Aim of the exercise.
When you reach the line containing "Сделали ещё одну" in the entries below, start writing out each line exactly, and stop after the line containing "Apartmani Jureta Okrug Gornji Exterior photo".

Caption-style text data
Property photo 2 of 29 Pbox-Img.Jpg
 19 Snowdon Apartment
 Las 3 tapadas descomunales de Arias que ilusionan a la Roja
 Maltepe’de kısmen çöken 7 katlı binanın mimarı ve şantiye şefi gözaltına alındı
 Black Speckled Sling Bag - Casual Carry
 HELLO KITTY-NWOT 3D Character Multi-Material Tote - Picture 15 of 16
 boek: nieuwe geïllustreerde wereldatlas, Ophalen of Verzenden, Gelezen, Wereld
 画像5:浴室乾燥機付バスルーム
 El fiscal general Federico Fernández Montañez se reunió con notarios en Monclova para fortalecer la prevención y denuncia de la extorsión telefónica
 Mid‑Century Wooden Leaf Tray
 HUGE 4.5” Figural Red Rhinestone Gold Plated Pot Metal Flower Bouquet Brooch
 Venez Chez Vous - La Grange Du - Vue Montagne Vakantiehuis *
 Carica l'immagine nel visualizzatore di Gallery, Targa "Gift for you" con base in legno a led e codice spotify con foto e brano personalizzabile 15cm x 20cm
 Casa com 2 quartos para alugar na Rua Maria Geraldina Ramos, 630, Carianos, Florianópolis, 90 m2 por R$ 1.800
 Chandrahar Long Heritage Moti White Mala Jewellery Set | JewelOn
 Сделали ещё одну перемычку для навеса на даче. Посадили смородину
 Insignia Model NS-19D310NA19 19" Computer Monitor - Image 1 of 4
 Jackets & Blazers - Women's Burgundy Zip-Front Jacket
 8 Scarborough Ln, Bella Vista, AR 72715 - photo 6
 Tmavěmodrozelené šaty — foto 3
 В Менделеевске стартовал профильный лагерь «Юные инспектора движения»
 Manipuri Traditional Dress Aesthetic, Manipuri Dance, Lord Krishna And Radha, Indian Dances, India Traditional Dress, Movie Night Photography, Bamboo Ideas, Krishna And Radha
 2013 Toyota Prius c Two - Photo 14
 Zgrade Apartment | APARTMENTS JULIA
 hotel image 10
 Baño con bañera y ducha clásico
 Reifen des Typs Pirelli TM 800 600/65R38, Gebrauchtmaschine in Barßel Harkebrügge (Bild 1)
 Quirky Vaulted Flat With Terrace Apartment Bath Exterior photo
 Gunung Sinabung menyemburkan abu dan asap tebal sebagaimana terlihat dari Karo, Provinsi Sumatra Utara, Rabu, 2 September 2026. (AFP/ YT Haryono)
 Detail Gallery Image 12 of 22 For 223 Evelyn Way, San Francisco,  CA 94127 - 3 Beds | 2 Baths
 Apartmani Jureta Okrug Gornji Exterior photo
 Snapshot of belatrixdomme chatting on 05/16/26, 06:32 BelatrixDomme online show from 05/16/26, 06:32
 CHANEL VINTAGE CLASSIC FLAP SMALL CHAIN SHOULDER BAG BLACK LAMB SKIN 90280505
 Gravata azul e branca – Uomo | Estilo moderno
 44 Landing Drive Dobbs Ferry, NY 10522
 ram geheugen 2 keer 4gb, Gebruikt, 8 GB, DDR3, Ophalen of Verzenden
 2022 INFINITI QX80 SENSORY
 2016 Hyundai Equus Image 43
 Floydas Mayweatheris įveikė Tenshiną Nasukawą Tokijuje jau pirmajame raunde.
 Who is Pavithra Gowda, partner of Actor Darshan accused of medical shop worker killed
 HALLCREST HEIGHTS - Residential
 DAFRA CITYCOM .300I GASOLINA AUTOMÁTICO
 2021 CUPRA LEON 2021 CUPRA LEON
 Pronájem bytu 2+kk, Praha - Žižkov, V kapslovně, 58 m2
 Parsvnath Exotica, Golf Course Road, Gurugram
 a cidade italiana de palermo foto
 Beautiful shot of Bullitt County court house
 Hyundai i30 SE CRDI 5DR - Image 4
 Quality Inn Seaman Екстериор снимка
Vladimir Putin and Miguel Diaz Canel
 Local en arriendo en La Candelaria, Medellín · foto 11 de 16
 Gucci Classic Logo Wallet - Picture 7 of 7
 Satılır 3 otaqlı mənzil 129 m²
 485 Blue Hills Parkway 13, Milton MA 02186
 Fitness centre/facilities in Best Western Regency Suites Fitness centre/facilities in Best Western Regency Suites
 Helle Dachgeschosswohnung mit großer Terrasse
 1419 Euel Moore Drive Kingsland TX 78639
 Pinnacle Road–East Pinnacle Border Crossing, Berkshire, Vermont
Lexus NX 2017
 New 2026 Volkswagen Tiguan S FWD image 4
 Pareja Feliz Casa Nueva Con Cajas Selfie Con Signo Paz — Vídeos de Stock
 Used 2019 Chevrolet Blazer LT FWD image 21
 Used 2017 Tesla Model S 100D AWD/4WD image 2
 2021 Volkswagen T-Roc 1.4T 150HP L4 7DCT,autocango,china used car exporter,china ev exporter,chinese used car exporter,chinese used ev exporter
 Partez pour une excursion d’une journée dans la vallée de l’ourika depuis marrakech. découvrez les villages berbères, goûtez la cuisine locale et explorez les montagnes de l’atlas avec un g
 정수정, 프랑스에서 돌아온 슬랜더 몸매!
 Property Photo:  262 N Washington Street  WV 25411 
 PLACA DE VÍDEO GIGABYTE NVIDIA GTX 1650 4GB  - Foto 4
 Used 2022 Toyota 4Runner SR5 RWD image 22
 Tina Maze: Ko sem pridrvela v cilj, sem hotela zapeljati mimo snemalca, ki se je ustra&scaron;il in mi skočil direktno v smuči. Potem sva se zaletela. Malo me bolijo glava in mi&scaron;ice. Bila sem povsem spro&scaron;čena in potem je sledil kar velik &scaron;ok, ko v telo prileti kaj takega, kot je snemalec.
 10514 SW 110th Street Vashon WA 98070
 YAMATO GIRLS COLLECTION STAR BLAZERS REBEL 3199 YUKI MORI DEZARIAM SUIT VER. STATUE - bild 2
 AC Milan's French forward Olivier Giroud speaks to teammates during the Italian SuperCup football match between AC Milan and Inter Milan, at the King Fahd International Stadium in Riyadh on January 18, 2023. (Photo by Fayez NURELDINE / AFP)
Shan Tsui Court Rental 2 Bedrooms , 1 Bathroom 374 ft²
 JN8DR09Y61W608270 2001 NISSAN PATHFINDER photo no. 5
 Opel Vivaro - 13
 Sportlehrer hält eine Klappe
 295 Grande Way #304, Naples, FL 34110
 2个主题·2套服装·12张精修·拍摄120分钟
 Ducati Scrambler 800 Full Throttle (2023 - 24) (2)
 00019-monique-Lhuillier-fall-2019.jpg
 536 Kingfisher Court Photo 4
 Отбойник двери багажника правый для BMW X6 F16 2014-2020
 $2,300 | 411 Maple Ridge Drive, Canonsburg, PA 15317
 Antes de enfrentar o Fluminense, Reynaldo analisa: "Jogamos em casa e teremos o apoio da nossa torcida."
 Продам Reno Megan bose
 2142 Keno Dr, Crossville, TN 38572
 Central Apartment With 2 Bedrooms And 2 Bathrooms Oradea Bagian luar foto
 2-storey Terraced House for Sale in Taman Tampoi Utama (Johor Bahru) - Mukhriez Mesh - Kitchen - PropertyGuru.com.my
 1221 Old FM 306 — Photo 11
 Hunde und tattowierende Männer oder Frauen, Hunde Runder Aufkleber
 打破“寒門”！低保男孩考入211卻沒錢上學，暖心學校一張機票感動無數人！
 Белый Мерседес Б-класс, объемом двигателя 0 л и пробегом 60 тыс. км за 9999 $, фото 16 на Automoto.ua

Solution.
 Сделали ещё одну перемычку для навеса на даче. Посадили смородину
 Insignia Model NS-19D310NA19 19" Computer Monitor - Image 1 of 4
 Jackets & Blazers - Women's Burgundy Zip-Front Jacket
 8 Scarborough Ln, Bella Vista, AR 72715 - photo 6
 Tmavěmodrozelené šaty — foto 3
 В Менделеевске стартовал профильный лагерь «Юные инспектора движения»
 Manipuri Traditional Dress Aesthetic, Manipuri Dance, Lord Krishna And Radha, Indian Dances, India Traditional Dress, Movie Night Photography, Bamboo Ideas, Krishna And Radha
 2013 Toyota Prius c Two - Photo 14
 Zgrade Apartment | APARTMENTS JULIA
 hotel image 10
 Baño con bañera y ducha clásico
 Reifen des Typs Pirelli TM 800 600/65R38, Gebrauchtmaschine in Barßel Harkebrügge (Bild 1)
 Quirky Vaulted Flat With Terrace Apartment Bath Exterior photo
 Gunung Sinabung menyemburkan abu dan asap tebal sebagaimana terlihat dari Karo, Provinsi Sumatra Utara, Rabu, 2 September 2026. (AFP/ YT Haryono)
 Detail Gallery Image 12 of 22 For 223 Evelyn Way, San Francisco,  CA 94127 - 3 Beds | 2 Baths
 Apartmani Jureta Okrug Gornji Exterior photo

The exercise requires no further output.